From the records below, please repeat exactly the line that has "Ein Schlafzimmer mit", the line that has "US Navy 110815-N-XQ375-746", and every line between them, and nothing else.

________

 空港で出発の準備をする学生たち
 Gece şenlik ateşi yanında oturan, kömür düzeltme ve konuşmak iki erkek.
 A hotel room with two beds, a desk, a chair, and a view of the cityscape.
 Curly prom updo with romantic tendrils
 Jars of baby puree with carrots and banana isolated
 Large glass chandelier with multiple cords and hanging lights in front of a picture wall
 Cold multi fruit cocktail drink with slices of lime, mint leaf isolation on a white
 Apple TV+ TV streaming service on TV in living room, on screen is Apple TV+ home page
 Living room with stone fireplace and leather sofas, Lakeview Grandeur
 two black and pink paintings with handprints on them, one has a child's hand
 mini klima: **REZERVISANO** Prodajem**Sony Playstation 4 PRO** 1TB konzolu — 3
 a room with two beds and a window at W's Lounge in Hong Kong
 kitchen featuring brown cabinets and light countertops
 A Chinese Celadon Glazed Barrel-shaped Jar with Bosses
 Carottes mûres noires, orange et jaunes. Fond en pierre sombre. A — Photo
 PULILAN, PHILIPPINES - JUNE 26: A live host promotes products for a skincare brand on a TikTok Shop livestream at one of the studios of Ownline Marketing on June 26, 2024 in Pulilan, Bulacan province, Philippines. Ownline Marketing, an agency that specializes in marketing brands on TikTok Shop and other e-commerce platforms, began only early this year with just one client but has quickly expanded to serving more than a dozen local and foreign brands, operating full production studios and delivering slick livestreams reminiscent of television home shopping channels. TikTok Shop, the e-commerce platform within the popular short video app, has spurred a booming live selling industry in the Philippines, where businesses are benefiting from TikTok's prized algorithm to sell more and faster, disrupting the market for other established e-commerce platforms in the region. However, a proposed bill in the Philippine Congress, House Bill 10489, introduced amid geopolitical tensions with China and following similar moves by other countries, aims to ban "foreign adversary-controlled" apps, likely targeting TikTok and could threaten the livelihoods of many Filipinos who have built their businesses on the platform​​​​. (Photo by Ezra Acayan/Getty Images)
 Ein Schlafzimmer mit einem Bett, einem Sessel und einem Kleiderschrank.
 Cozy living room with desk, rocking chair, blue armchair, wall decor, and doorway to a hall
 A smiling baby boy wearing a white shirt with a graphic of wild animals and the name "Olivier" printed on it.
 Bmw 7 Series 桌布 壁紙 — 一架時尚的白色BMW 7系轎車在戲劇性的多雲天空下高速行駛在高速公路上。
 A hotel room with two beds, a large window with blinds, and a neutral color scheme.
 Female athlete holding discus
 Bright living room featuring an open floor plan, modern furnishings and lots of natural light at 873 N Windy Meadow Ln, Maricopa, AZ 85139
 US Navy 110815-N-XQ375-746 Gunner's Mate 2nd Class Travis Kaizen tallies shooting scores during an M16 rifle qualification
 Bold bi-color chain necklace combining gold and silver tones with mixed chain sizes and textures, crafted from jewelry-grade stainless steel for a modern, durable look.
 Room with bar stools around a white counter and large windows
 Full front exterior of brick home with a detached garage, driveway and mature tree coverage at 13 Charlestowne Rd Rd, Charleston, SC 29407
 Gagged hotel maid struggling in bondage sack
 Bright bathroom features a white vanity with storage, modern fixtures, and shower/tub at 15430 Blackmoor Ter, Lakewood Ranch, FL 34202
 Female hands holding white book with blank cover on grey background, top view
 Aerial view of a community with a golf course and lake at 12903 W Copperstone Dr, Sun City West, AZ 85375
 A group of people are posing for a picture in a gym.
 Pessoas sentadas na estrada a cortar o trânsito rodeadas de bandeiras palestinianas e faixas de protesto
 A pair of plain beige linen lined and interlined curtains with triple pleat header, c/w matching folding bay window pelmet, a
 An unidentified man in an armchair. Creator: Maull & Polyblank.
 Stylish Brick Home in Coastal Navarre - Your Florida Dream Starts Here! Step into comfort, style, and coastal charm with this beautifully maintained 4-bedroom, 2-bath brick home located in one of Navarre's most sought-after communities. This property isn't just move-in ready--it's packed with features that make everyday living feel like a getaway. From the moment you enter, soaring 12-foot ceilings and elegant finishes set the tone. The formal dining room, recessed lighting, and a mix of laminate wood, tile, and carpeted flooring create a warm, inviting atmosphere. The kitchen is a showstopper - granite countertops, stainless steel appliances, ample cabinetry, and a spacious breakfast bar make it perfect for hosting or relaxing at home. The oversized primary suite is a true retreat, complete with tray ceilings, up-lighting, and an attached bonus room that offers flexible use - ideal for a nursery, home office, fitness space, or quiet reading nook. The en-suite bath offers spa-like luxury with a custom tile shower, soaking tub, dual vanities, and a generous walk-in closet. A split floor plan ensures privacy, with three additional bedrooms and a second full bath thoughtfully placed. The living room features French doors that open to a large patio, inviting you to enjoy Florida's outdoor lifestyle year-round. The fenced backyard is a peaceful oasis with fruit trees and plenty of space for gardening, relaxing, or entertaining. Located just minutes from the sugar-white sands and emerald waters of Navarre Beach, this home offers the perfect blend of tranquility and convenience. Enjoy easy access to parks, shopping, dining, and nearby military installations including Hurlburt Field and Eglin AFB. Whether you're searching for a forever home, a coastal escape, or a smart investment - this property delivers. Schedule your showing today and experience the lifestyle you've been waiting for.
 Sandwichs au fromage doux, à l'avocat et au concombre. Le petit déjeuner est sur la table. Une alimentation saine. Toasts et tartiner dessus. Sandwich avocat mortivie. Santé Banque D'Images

________

• Finished exercise:
 Ein Schlafzimmer mit einem Bett, einem Sessel und einem Kleiderschrank.
 Cozy living room with desk, rocking chair, blue armchair, wall decor, and doorway to a hall
 A smiling baby boy wearing a white shirt with a graphic of wild animals and the name "Olivier" printed on it.
 Bmw 7 Series 桌布 壁紙 — 一架時尚的白色BMW 7系轎車在戲劇性的多雲天空下高速行駛在高速公路上。
 A hotel room with two beds, a large window with blinds, and a neutral color scheme.
 Female athlete holding discus
 Bright living room featuring an open floor plan, modern furnishings and lots of natural light at 873 N Windy Meadow Ln, Maricopa, AZ 85139
 US Navy 110815-N-XQ375-746 Gunner's Mate 2nd Class Travis Kaizen tallies shooting scores during an M16 rifle qualification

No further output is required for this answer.